OpenCLIP
This is a fork of OpenCLIP used to fine-tune CLIP models with PinPoint counterfactuals. Refer to the original repository for more details on open_clip.
Installation
pip install open_clip_torch
Pretrained models
For LAION-pretrained models, download and place them in the ./pretrained_models (this can be done with open_clip CLI interface)/
Sample single-process running code:
To finetune CLIP models on CC3M:
python -m open_clip_train.main \
--save-frequency 1 \
--zeroshot-frequency 1 \
--report-to tensorboard \
--train-data="..path_to_image_list.csv" \
--csv-img-key="Image_ID" \
--csv-caption-key="Caption" \
--val-data="/path/to/validation_data.csv" \
--imagenet-val="/path/to/imagenet/root/val/" \
--warmup 10000 \
--batch-size=128 \
--accum_freq=10 \
--lr=5e-06 \
--wd=0.1 \
--epochs=410 \
--workers=8 \
--pretrained_model="pretrained_models/vit_b16_laion2b.pth" \
--model ViT-B-16
Note: imagenet-val
is the path to the validation set of ImageNet for zero-shot evaluation, not the training set!

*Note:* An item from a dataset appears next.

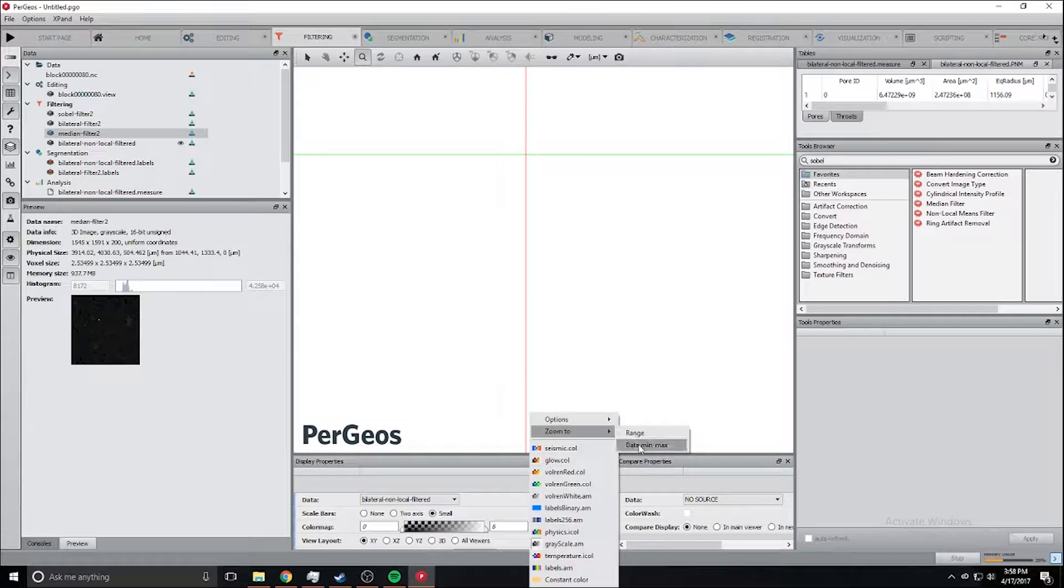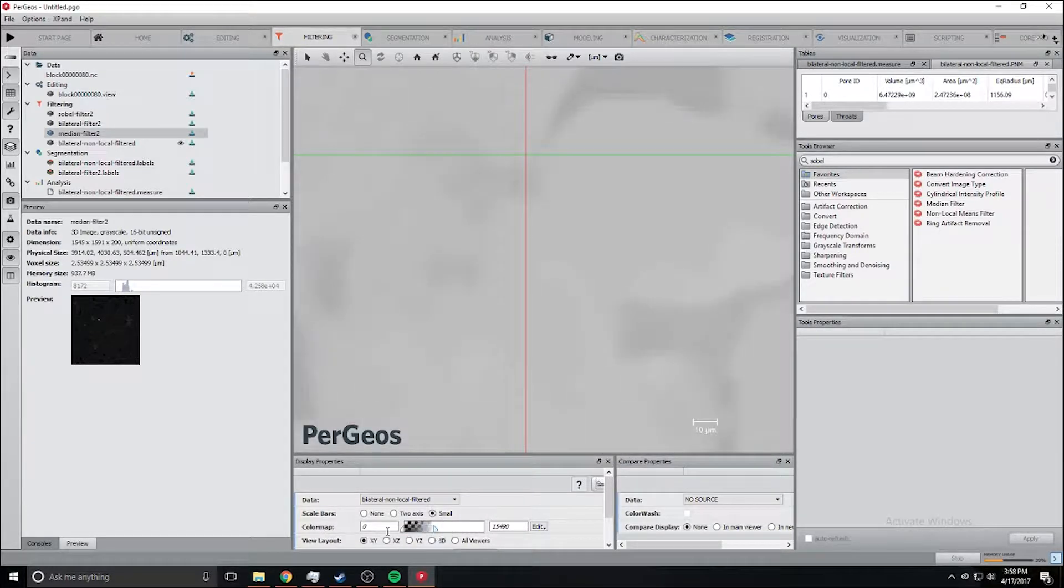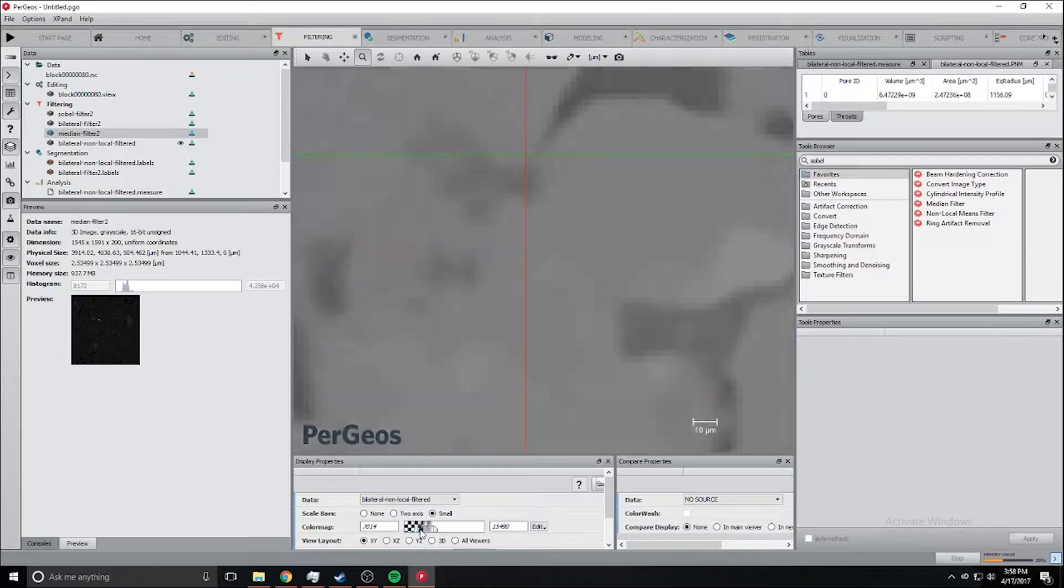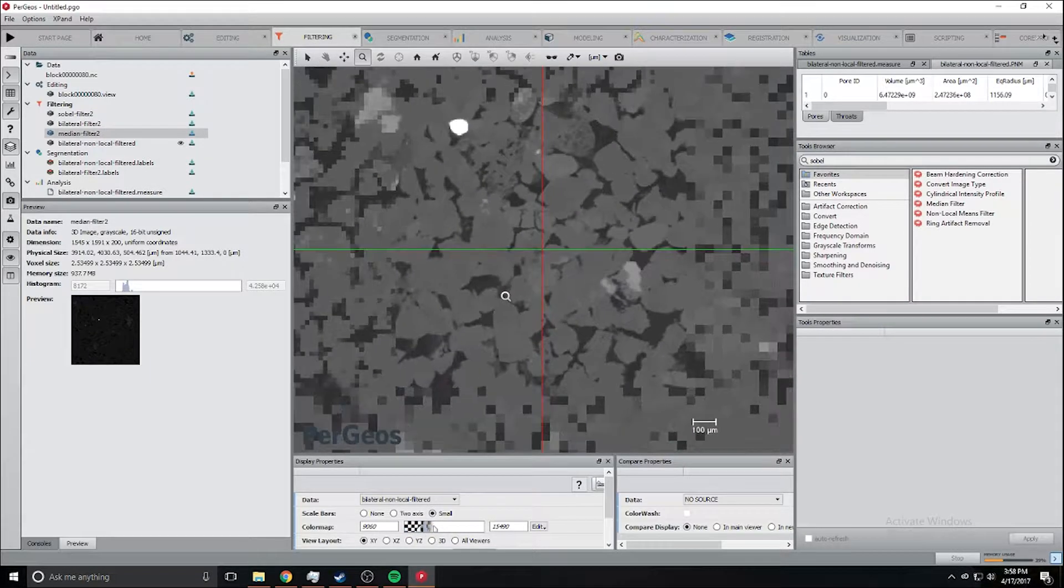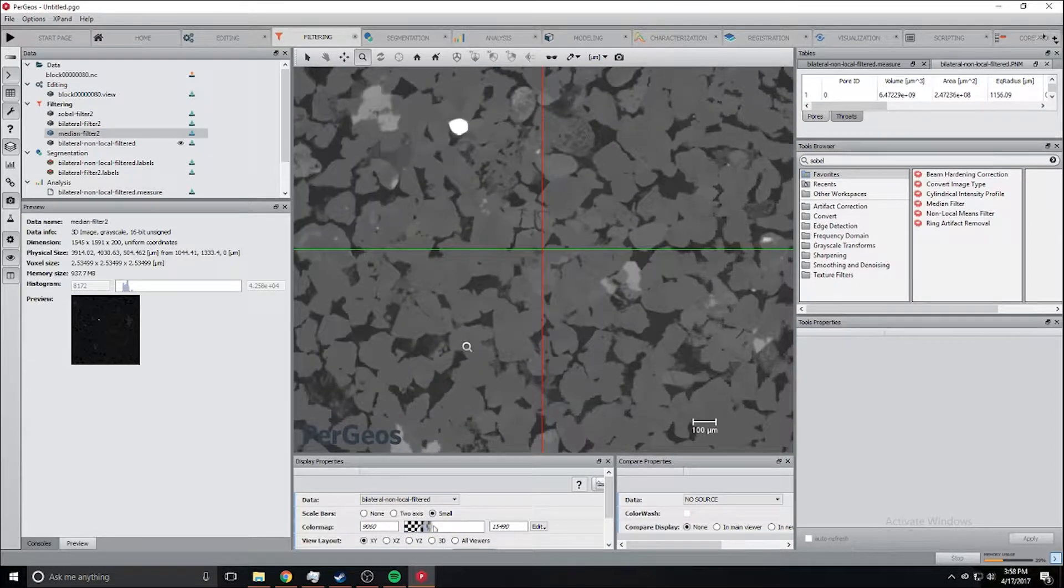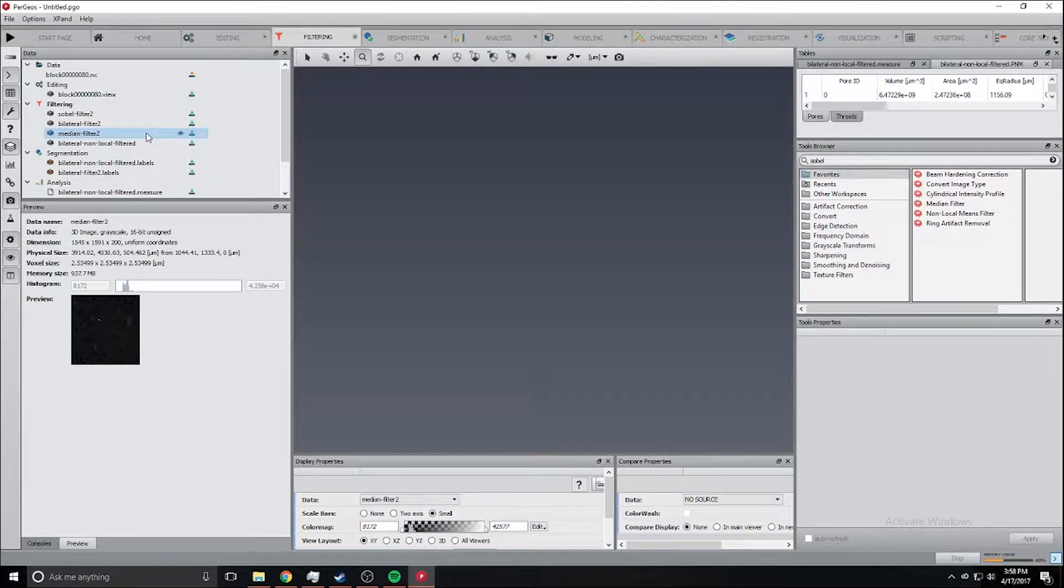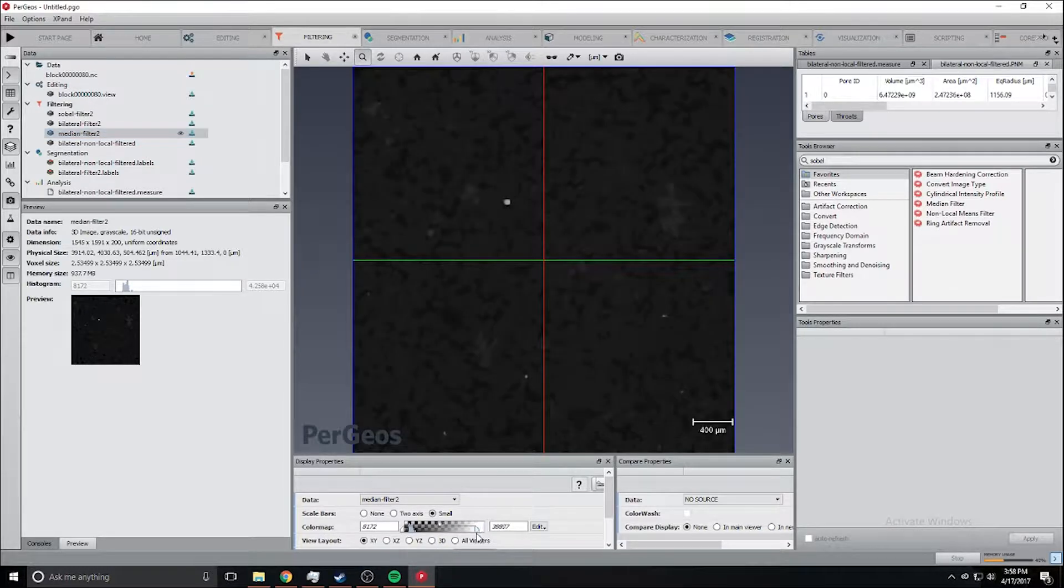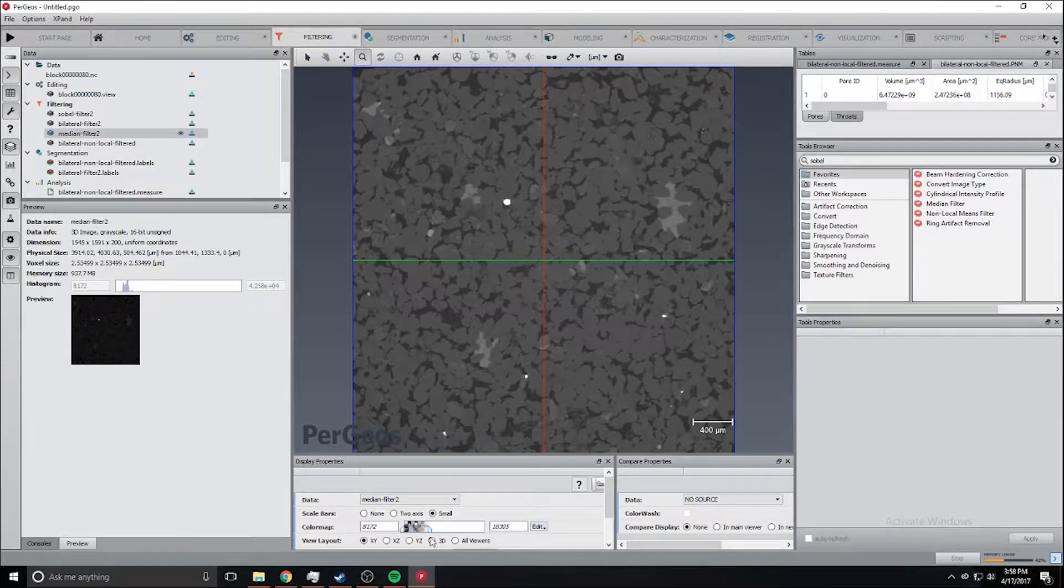We want to zoom to data main max so we can actually see what we're looking at. We first want to view the median filter.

You can remove this argument if you do not want to perform zero-shot evaluation on ImageNet throughout training. Note that the val
folder should contain subfolders. If it does not, please use this script.
Note: the train_data
should point to a *.csv file that contains the filelist with generated images in the following format:
ÌMAGE_ID IMAGE_CAPTION
, separated by '\t'. You can find the lists for our in-painted data under ./annotations
.